Information provided:

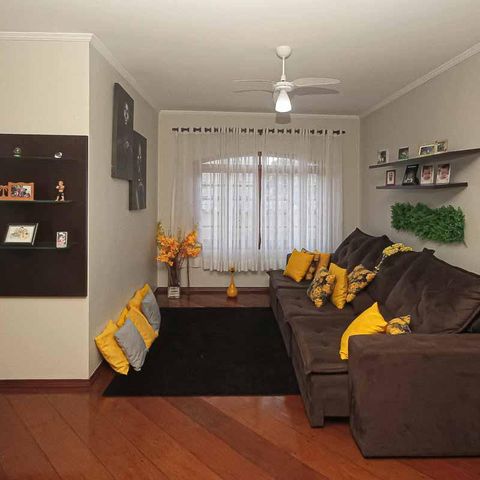 Casa à venda com 450m², 3 quartos e 8 vagas Casa à venda com 450m², 3 quartos e 8 vagasSala 4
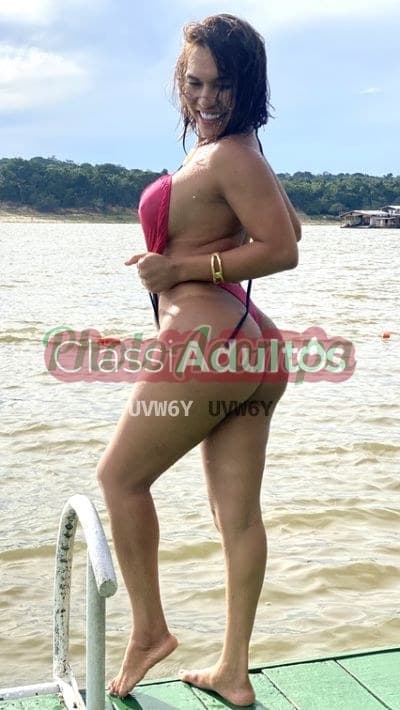 Luna — travesti em Manaus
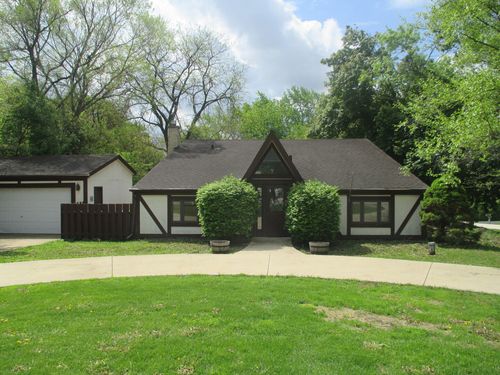 2N131 Willard St, Carol Stream, IL, 60188-2113 | Card Image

Exercise requirements:
Copy the listing exactly. Any image in it stays out of the copy.

Task solution:
 Casa à venda com 450m², 3 quartos e 8 vagas Casa à venda com 450m², 3 quartos e 8 vagasSala 4
 Luna — travesti em Manaus
 2N131 Willard St, Carol Stream, IL, 60188-2113 | Card Image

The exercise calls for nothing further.